Dr. Nesbitt has a strong theoretical orientation in developmental systems theory, an affinity for multidisciplinary research, and extensive knowledge of child development, advanced multivariate statistics, and field-based and experimental methodologies. Her expertise emphasizes both exploratory and causal designs, including longitudinal research and randomized experimental trials. She strives to leverage her expertise and knowledge to directly impact the lives of young children through collaborations and outreach with early childhood organizations and schools.
Jill Trumbell, Ph.D.
Dr. Trumbell received her Ph.D. in Human Development and Family Studies from Purdue University in August of 2014 and prior to coming to UNH was employed by Purdue HDFS as a visiting instructor. Her research interests focus on using multi-method approaches (e.g., behavioral, psychological, and physiological) to explore mother-child relationship processes during infancy and early childhood and understand how those processes impact concurrent and subsequent development. She is particularly interested in factors promoting the development and maintenance of healthy attachment relationships during infancy and early childhood.
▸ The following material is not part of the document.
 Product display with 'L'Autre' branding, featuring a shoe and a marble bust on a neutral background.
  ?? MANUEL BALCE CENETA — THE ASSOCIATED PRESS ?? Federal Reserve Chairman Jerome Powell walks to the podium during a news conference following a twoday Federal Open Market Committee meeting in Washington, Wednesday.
Dr. Trumbell has also taken advantage of numerous opportunities to teach at the undergraduate level, and she is looking forward to expanding her teaching experience to graduate education. At the undergraduate level, she has been a teaching assistant and instructor for introductory courses in family processes and human development and has received favorable reviews. Dr. Trumbell hopes to continue her research program at UNH and is looking forward to teaching and mentoring undergraduate and graduate students.